Activity: With the pictures removed, please write out every line below exactly as given.

Data below Start Marker

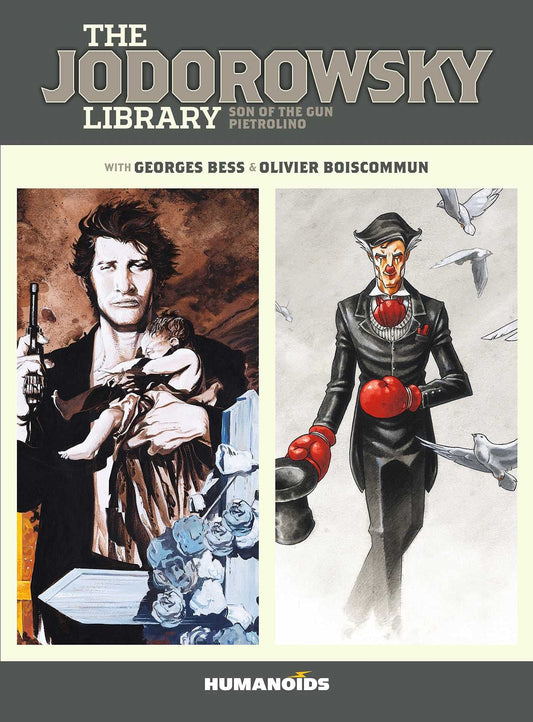 The Jodorowsky Library (Book Two): Son of the Gun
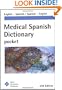 Medical Spanish Dictionary Pocket: English-spanish, Spanish English (single Copy)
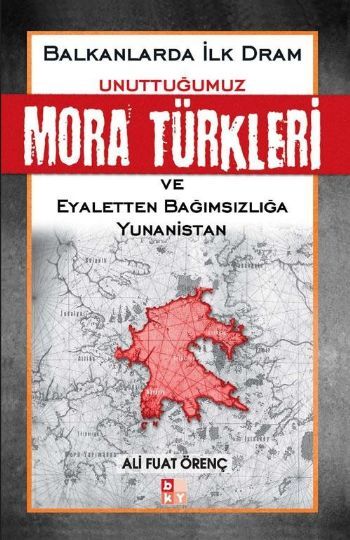 Balkanlarda İlk Dram -Unuttuğumuz Mora Türkleri ve Eyaletten Bağımsızlığa Yunanistan-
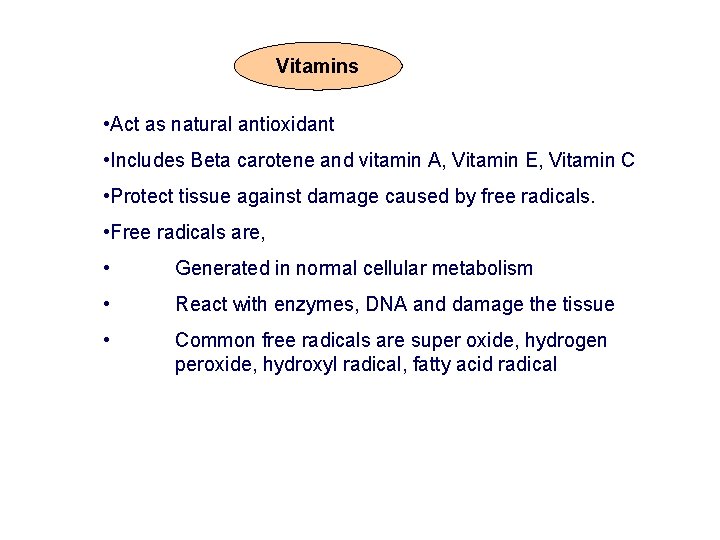 Vitamins • Act as natural antioxidant • Includes Beta carotene and vitamin A, Vitamin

Data below End Marker

Exercise solution:
 The Jodorowsky Library (Book Two): Son of the Gun
 Medical Spanish Dictionary Pocket: English-spanish, Spanish English (single Copy)
 Balkanlarda İlk Dram -Unuttuğumuz Mora Türkleri ve Eyaletten Bağımsızlığa Yunanistan-
 Vitamins • Act as natural antioxidant • Includes Beta carotene and vitamin A, Vitamin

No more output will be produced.